Three London Theatres
Battersea Arts Centre, Palace Theatre and Hammersmith Lyric
(Photos/words © urban75, 1st February, 2007)
It's been a luvvy month for us as we've been to no less than three theatre productions in a single month. Here's some pics backed up with a bit of history. Interesting to note that no less than two of the three theatres featured here only narrowly avoided demolition in the 1960s.
Battersea Arts Centre
The Arts Centre is in a Grade II listed building which formerly served as Battersea Town Hall. Opened in 1893, the building served as council chambers for over 70 years.
Used as a recruiting station during both world wars, the building was earmarked for demolition in 1967 by some fuckwit of a planner, but thankfully protests by the local community stopped that idea in its tracks.
Battersea Arts Centre
Interior detail, Battersea Arts Centre.
Cafe/bar, Battersea Arts Centre.
Interesting bee mosaic floor in the entrance to Battersea Arts Centre.
We'd gone to see Rapunzel by the Kneehigh Theatre Company, a production described by The Independent as a, "marvellously multi-layered seasonal show.".
The audience sat around a central stage.
Illuminated cubes outside the theatre.
Palace Theatre
Located near the intersection of Shaftesbury Avenue and Charing Cross Road at Cambridge Circus, the 1,400 capacity Palace Theatre was commissioned by Richard D'Oyly Carte in the late 1880's to a design by Thomas Collcutt.
Opening in January 1891 as the Royal English Opera, a lavish production of Arthur Sullivan's Ivanhoe saw all the stops being pulled out, but proved uneconomic.
Renamed as the 'Palace Theatre of Varieties' after Carte flogged off the building within a year, the name was finally changed to The Palace Theatre in 1911.
At the end of the last century, the theatre saw two almighty runs in the shape of Jesus Christ Superstar and Les Misérables, with the latter notching up an eighteen year run before transferring to the Queen's Theatre in April 2004. It went on to become the longest running musical in the world.
Entrance view.
Main lobby, resplendent in marble.
View of Cambridge Circus from the Gent's second floor toilet!.
Looking down at the stage from the upper circle. We saw Monty Python's Spamalot, which won us over with its sheer enthusiasm, energy levels and outright bonkers-ness.
Hammersmith Lyric
Modern frontage to the Hammermith Lyric theatre, London.
Cafe, Hammermith Lyric theatre.
Inside view of Frank Matcham's Victorian feast of ornate fin-de-siecle gilt and velvet. Opening in 1895, the theatre was built as an intimate opera house (the orchestra pit still exists).
In Edwardian times, the Lyric was noted for it vaudevilles, melodramas and spectacular Christmas pantomime, but by the end of the First World War its fortune had declined considerably.

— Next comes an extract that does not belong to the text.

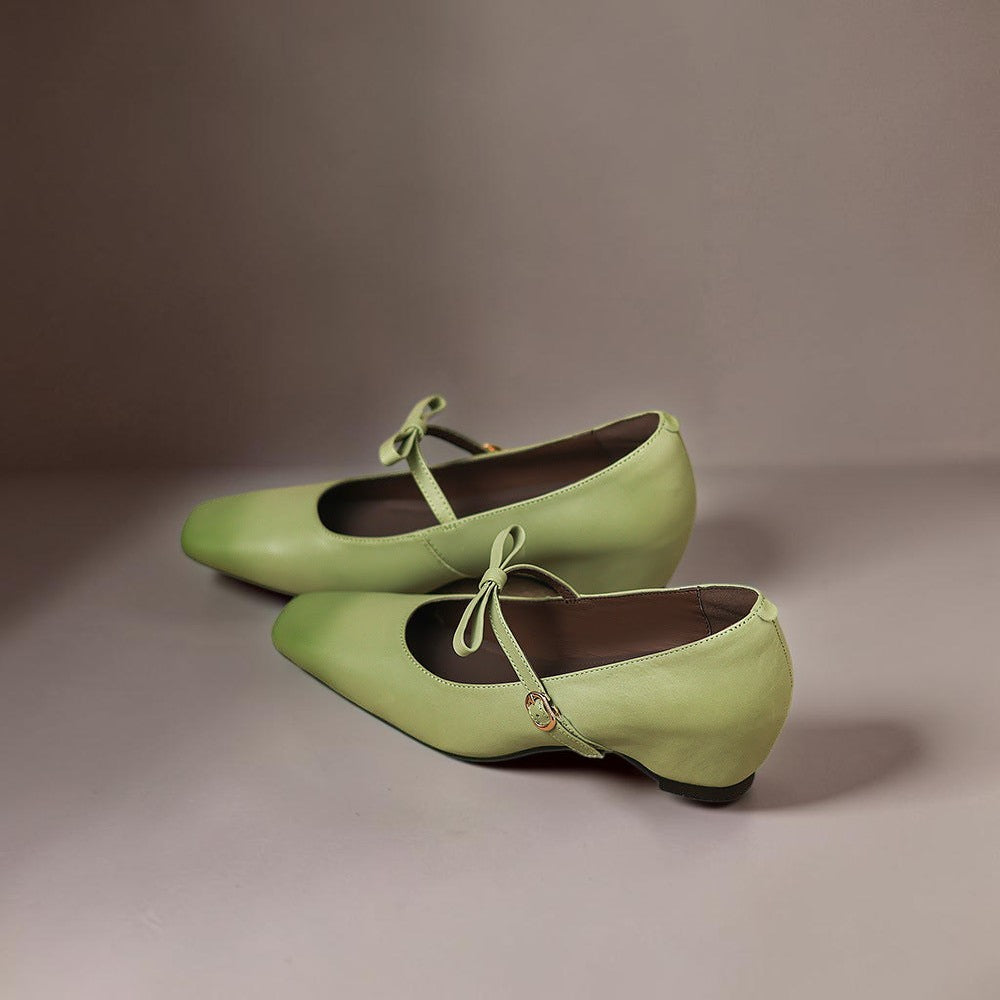 Bryony | Bow-Strap Mary Jane Pump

The actor-manager Nigel Playfair managed to bring the Lyric back to life in the 1920s, reinventing the theatre as a fashionable venue, but by 1966 the theatre went dark.
Predictably, demolition was scheduled until public support led to a huge reconstruction and reopening of Matcham's original theatre in 1979.
Interior detail.
Applause at the end of Kneehigh's production of Shakespeare's Cymbeline at the Hammermith Lyric.
Concrete-tastic pedestrianised area outside the theatre.